Law no. 208 of December 28, 2015 (the so-called "2016 Stability Law") introduced some relevant tax news; the most important are the following tax changes:
Reduction of the IRES tax rate
2016 Stability Law modified article 77, paragraph 1, of the Italian Tax Code (hereafter "ITC") reducing:
the corporate income tax rate ("IRES") from 27,5% to 24% and
the Withholding Tax rate from 1,375% to 1,20% on dividends paid by Italian entities to European Union, Norwegian and Icelandic entities.
These amendments will be effective from January 1st, 2017.

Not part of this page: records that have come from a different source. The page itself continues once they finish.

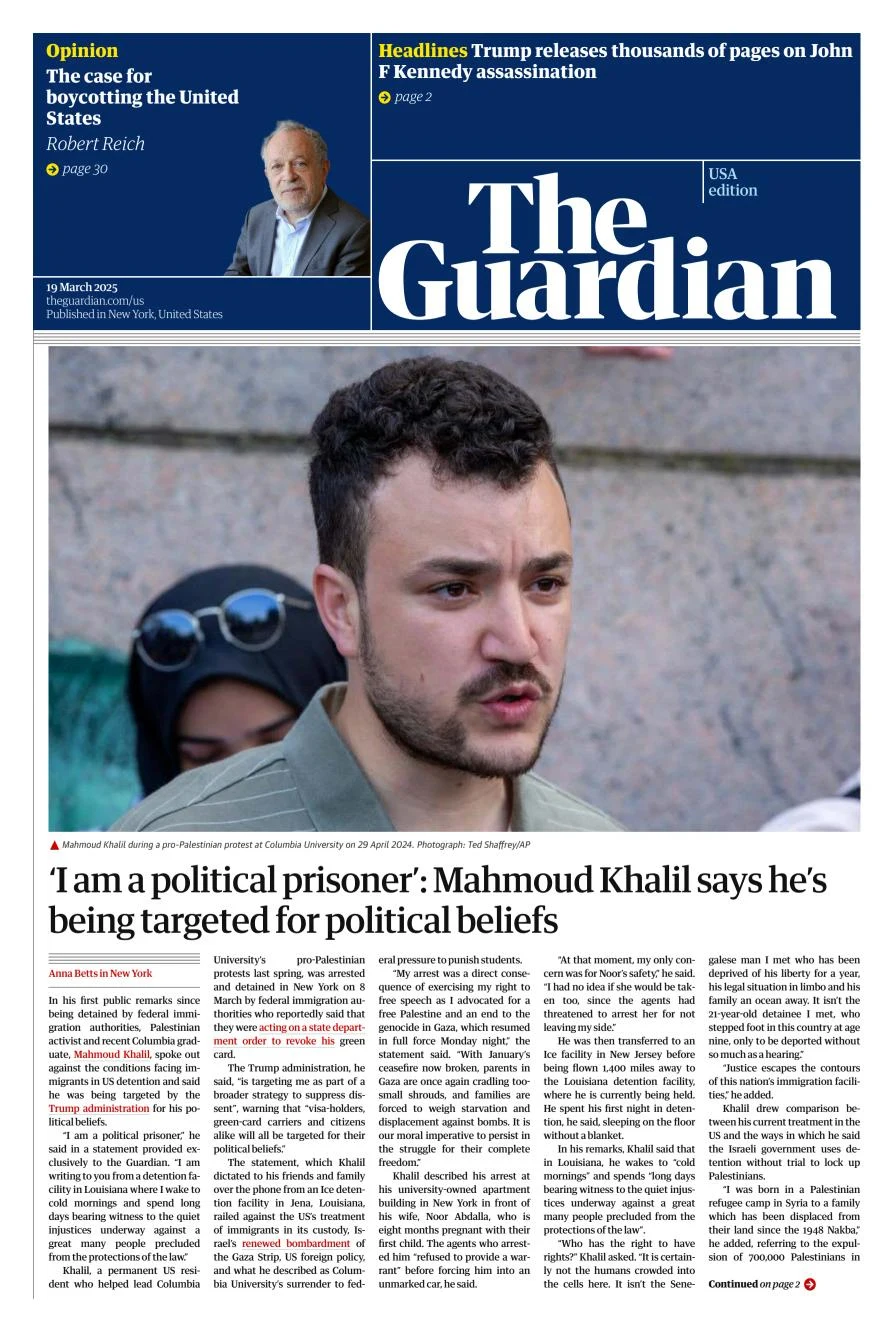 Portada de The Guardian (usa) del miércoles, 19 de marzo de 2025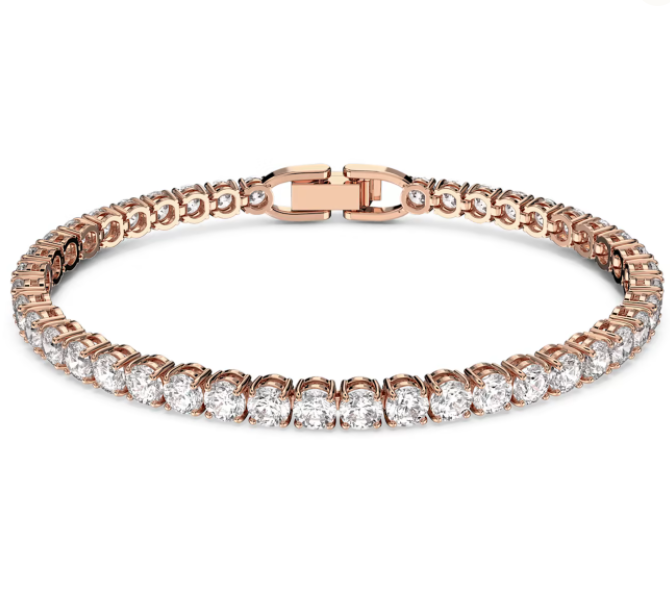 Pulsera tenis oro rosa cristales en línea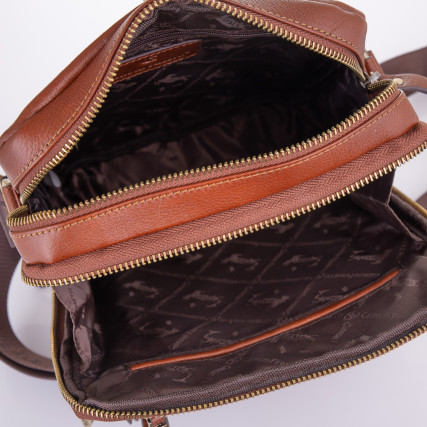 Мужская кожаная сумка Giorgio Ferretti (Италия) коричневая GF201850173brown – Фото 5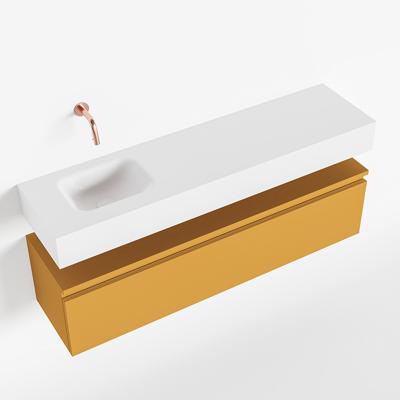 MONDIAZ ANDOR 120cm toiletmeubel ocher. LEX 120cm wastafel talc links geen kraangat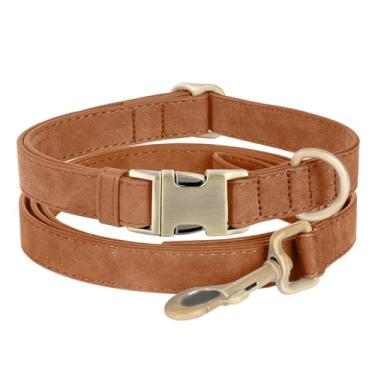 Imagem de Coleira de couro genuíno para cães – Coleira ajustável para animais de estimação com fivela de metal de liberação rápida, coleira de couro verdadeiro para cães pequenos, médios e grandes (coleira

A super-depreciation regime has been introduced providing the possibility, for a taxpayer that invests in certain tangible assets, to benefit from a 40% increase of the acquisition cost.
Click here to view table.
The super-depreciation regime can apply to:
- individuals running business, artistic and professional activities;
The super-depreciation regime is not applicable in case of intangibles, pre-used assets and real estate. Taxpayers can benefit from the super-depreciation for tangible assets purchased starting from October 15, 2015 up to December 31, 2016.
Black list costs
The Black list costs regime has been abrogated, amending article 110, paragraph 10, 11, 12 and 12 bis, of ITC.
Up to 2015, expenses and other negative items deriving from operations enacted with companies resident in Black List Countries were not deductible, unless the Italian taxpayer provides evidence that:
- the non-resident companies carry out a de facto business activities, or, alternatively,
- the operations enacted by means of the non-resident companies correspond to a de facto business interest, which have, in actual fact, been executed.
From January 1st, 2016, black list costs are subject to the same rules as the costs deriving from transactions with white-list companies and, therefore, no particular restrictions about their deductibility are now in place. Moreover, the black list costs will no longer be shown separately in the tax return.
Controlled foreign company regime
2016 Stability Law also modified Controlled foreign company regime (hereafter "CFC"), as provided for by article 167 of ITC.
In particular, the requirements to include that a foreign subsidiary is subject to the CFC rules have been amended:
- up to now, the CFC was applicable automatically if the foreign company was based in black list countries (unless contrary proof was rendered);
- starting from January 1st, 2016, the CFC applies only if the foreign subsidiary is subject, in the foreign country, to a tax rate lower than 50% of the rate applicable in Italy.
Country by country reporting
It is mandatory for Italian multinational holding companies, having a group turnover higher than Euro 750 million to prepare a Country by Country report, showing, inter alia, the group structure, the income, and the tax paid in each Country where the group companies carry out the business activity. Under certain conditions, the Country by Country report is mandatory also for resident companies belonging to multinational group, which are in turn controlled by a foreign company.
Reduction of period for the amortization of trademarks and goodwill
The period for the amortization of trademarks and goodwill in certain circumstances has been reduced inform 10 to 5 financial years. This amendment is effective from January 1st, 2016.
Banks and financial institutions
Interest expenses incurred by banks and financial institutions are now totally deductible (before they were deductible up to the 96%). An IRES surcharge equal to 3.5% has also been introduced for banks and financial institutions.
These amendments are effective from January 1st, 2017.